Stata的绘图功能与绘图类型

原创

直立行走

修改于 2022-02-23 12:46:57

6.4K0

修改于 2022-02-23 12:46:57

常言道，一图胜千言。画图是最基本、也是最重要的数据分析技能之一，以至于人们将画图的整个行为过程赋予了更为专业的称呼——数据可视化（Data Visualization）。作为强大且灵活的数据分析利器，Stata 能够实现各式各样的绘图。本专题 [Stata 画图] 旨在促进广泛且深入地掌握 Stata 的画图功能。为此，一系列文章将陆续推出，力求将画图的结构与细节尽数展示。

1. 引言

本文是 #用 Stata 画个图#系列的第1讲，是对 Stata 的画图功能与绘图类型的概括性介绍。

功能方面。Stata 的绘图功能主要通过绘图语法（Syntax）及其绘图编辑器（Graph Editor）得以实现。其中，Stata 的绘图语法以 graph 命令开头，包括绘制各类图形的绘图命令（graph commands）以及图形画好后用来删除、读取或多图合并的绘图管理命令（graph management commands）。下表简要列举了两类命令。

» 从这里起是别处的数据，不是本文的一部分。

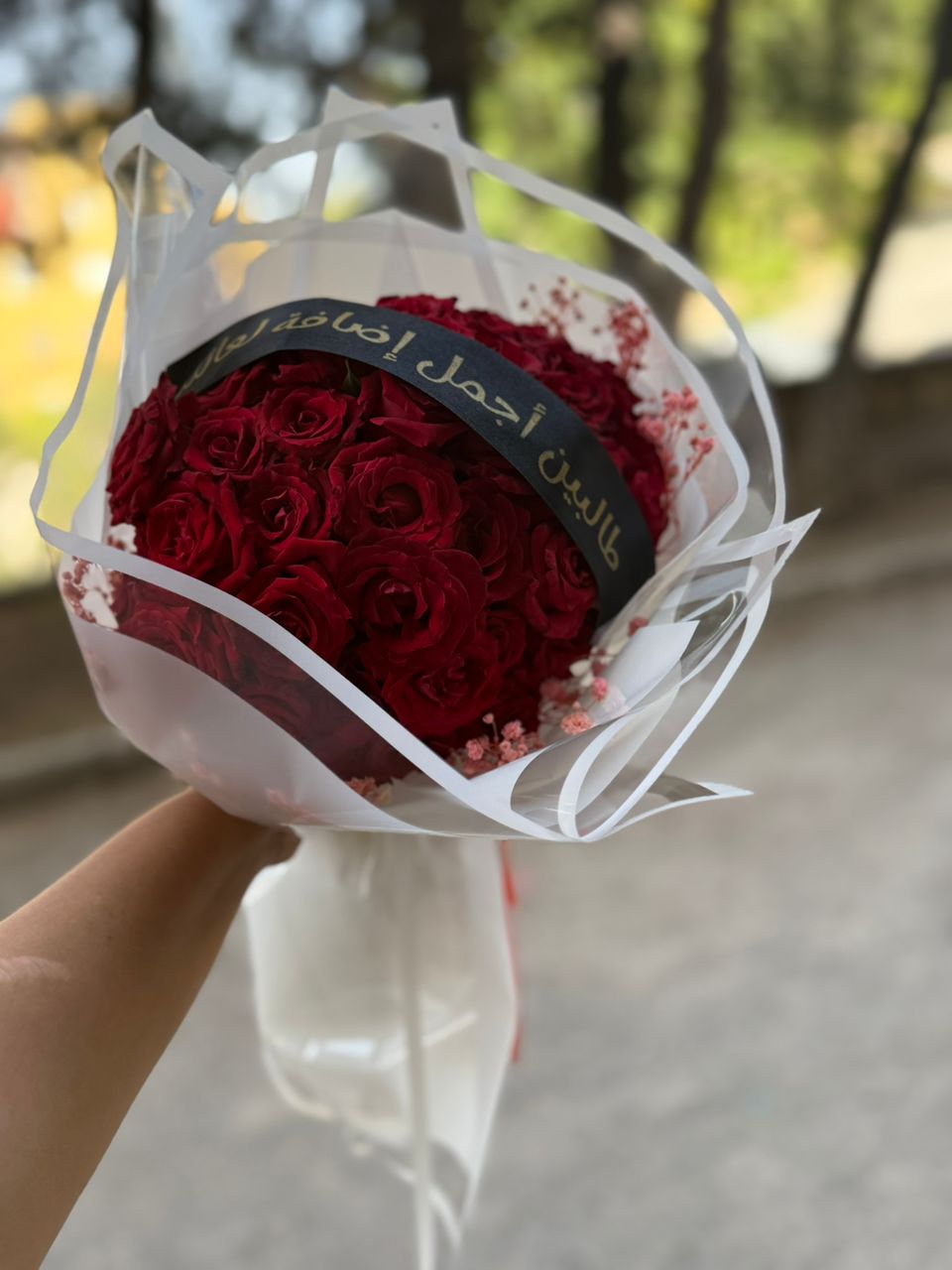 Bouquet Khoutouba
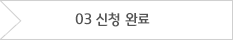 03 신청 완료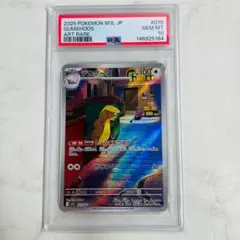 PSA10】デカグース AR メガブレイブ - メルカリ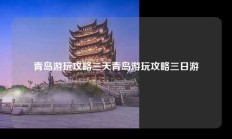 青岛游玩攻略三天青岛游玩攻略三日游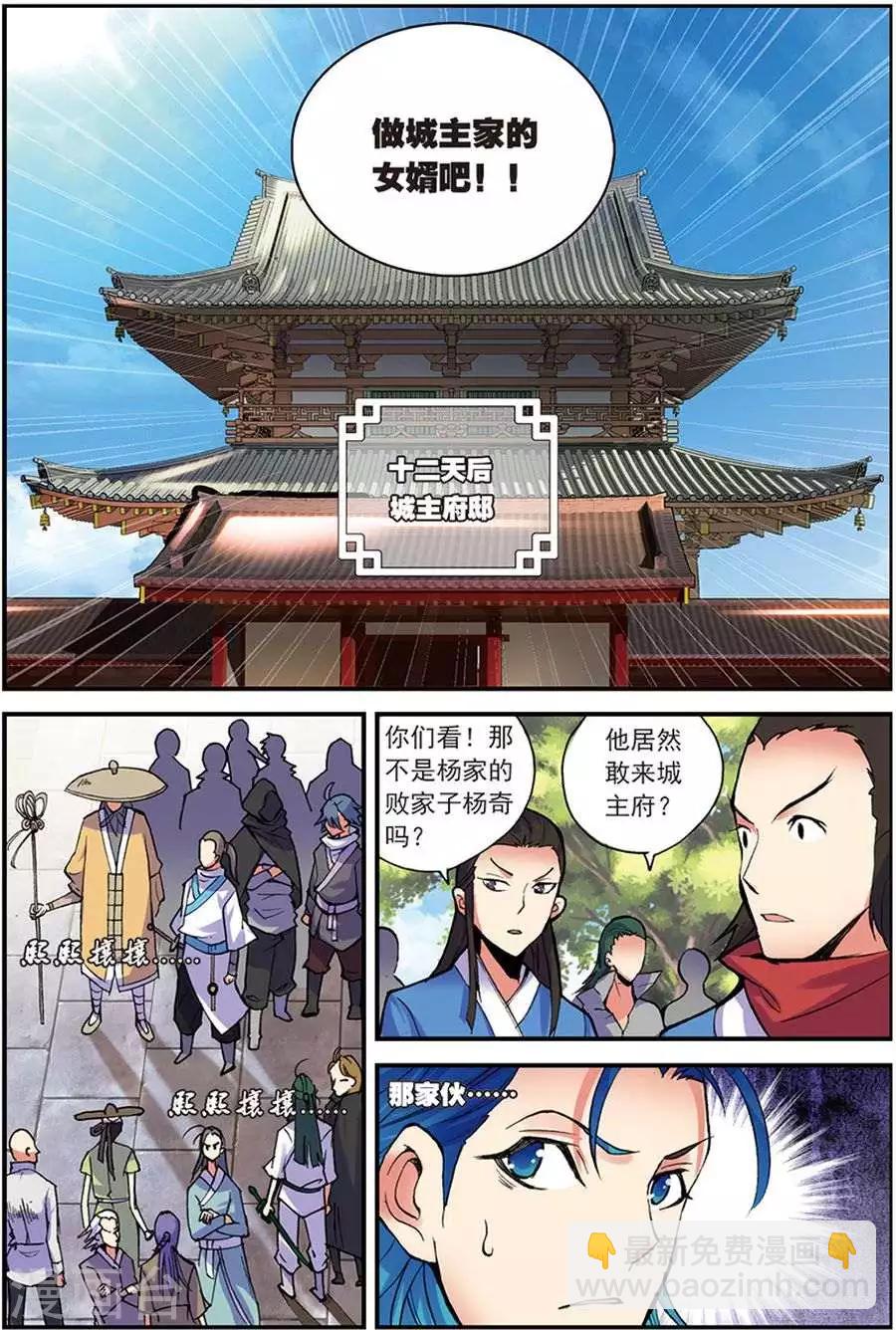 第11话 来者不善1
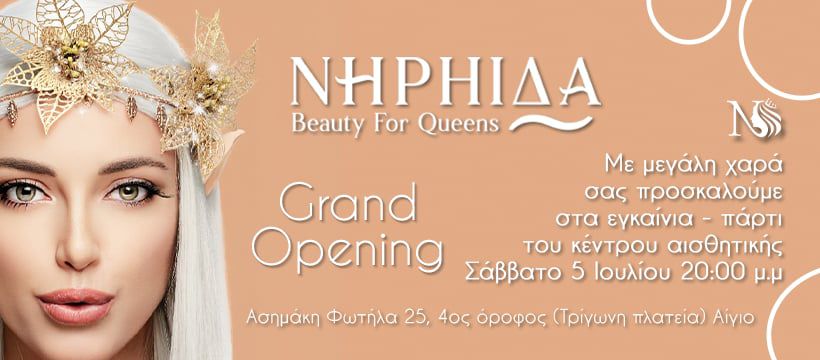 Αφίσα πρόσκλησης σε εγκαίνια στο κέντρο αισθητικής Νηρηίδα στις 5 Ιουλίου 2025 και ώρα 21:00.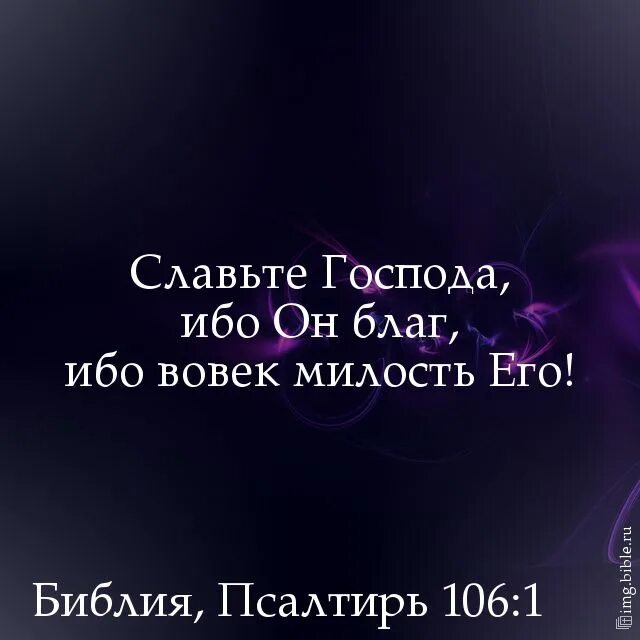 Славьте господа ибо он. Славьте господа ибо вовек милость его. Славьте господа ибо он благ ибо вовек милость. Славьте господа ибо он благ ибо вовек милость его. Славьте господа ибо он благ ибо вовек милость.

绘图命令（graph commands）		绘图管理命令（graph management commands）
`graph twoway`	scatterplots, line plots, etc	`graph save`	save graph to disk
`graph matrix`	scatterplot matrices	`graph use`	redisplay graph stored on disk
`graph bar`	bar charts	`graph display`	redisplay graph stored in memory
`graph dot`	dot charts	`graph combine`	combine multiple graphs
`graph box`	box-and-whisker plots	`graph replay`	redisplay graphs stored in memory and on disk
`graph pie`	pie charts	`graph export`	export .gph file to PostScript, etc.
Other graphics commands	More commands to draw statistical graphs：Distributional diagnostic plots; Smoothing and densities; Regression diagnostics; Time series; Vector autoregressive (VAR, SVAR, VECM) models; Longitudinal data/panel data	......	The commands for printing a graph, that deal with the graphs currently stored in memory, that describe available schemes and allow you to identify and set the default scheme, that lists available styles, for setting options for printing and exporting graphs, that allows you to draw graphs without displaying them.

注：以上命令均为 Stata 自带的官方命令，还有许多实用的画图命令由用户编写（User-written Commands），这些命令将在本系列专题随后的文章种进行详细介绍。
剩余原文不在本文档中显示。